О красоте и безобразии здесь не может быть и речи. Эстетическая и моральная оценка не имеют хождения в произведении Кафки. О художнике Титорелли известно, что он пишет портреты. Сестра Грегора Замзы играет на скрипке — больше ничего мы не знаем. Кафка никогда не ссылается на системы ценностей... Предметы схвачены им с банальной точностью, они видимы, не будучи видимыми; такими они предстают нам в долгом невнимании привычки. Язык Кафки, свободный от какого–либо лиризма, лишает описываемые объекты способности вибрировать. Ведь греза не хочет саму себя предать — “вибрато” показало бы, что мы находимся в области словесного произвола. Кафке достаточно назвать предметы, и вот они — лестницы, двери, комнаты, кровати — уже являются перед нами, четкие, усредненные, в отчетливом свете, который не падает на них извне и который, однако, не производят и они сами. Эти предметы просто есть, без надежды на изменение*. Искусству Кафки удается добиться редкостной вещи — максимально выделить предметы при сохранении их максимальной банальности. Детали у него передаются с безжалостной точностью, ничто не отводится на второй план — кроме вечного первого плана в работах Кафки — даже в “Замке” — ничего нет.

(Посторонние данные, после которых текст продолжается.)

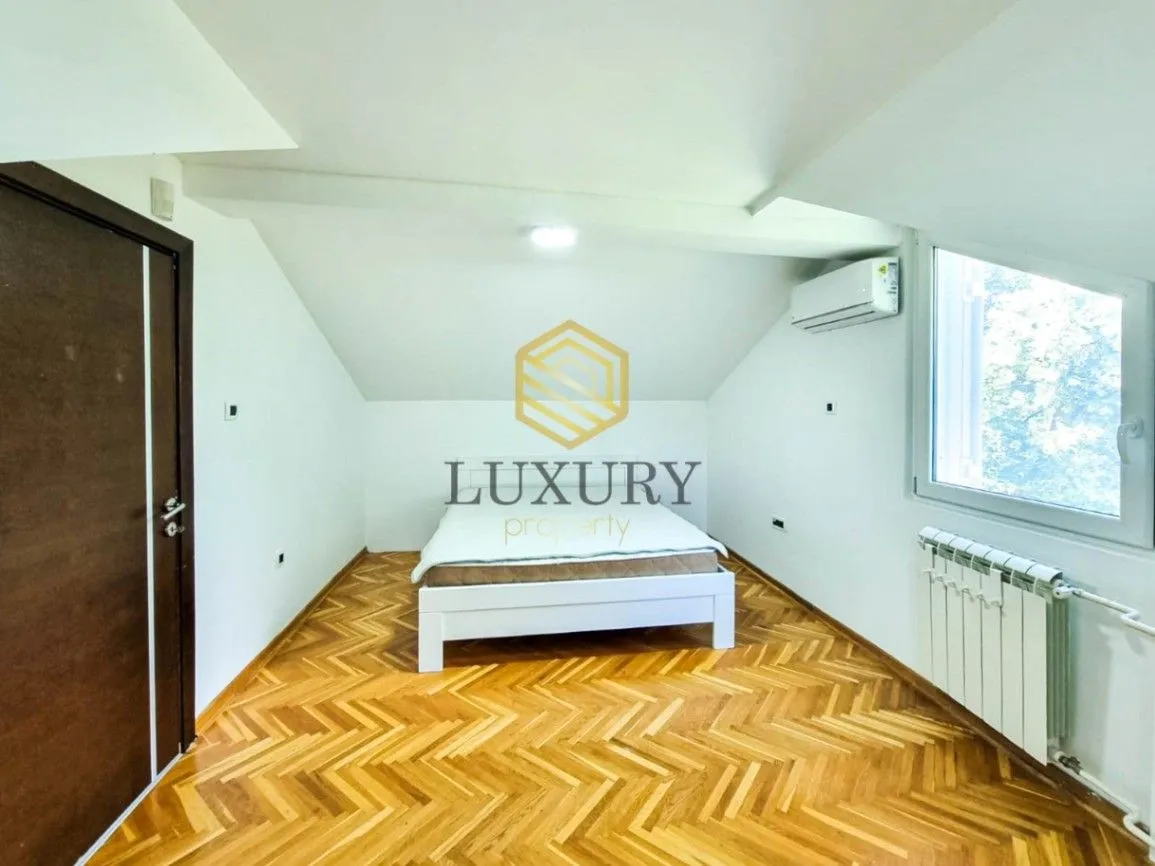 Rent, house, 250m², Mareza, Podgorica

Никакой взгляд, даже самый глубокий и внимательный, не может разбудить в рассматриваемых объектах присутствие: за видимостью не удается разглядеть и спасти реальный предмет, он близок, но его нельзя увидеть.

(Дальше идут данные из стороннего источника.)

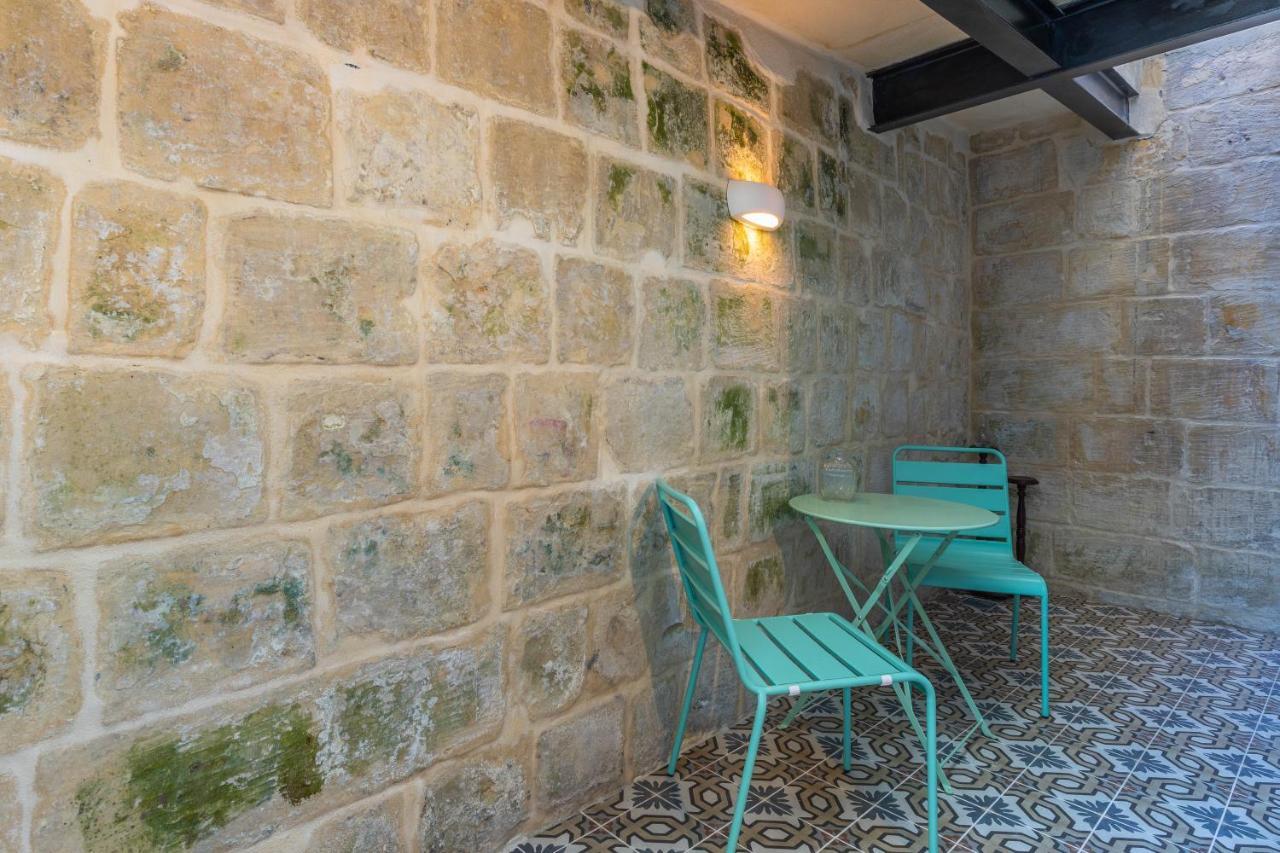 Hastings Apartment *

Над этого рода мечтанием господствуют дневные элементы. Кафке были знакомы грандиозные сооружения современной бюрократии, например залы ожидания, пространство которых измеряется в соответствии с проведенным в них временем и т.д. Мечта об этой дневной реальности есть уже греза, притом страшная греза. Дома, в которых живут эти люди, могли бы в равной мере быть воссозданы с помощью грезы — воссозданы в ломком лабиринте окаменевшей истории.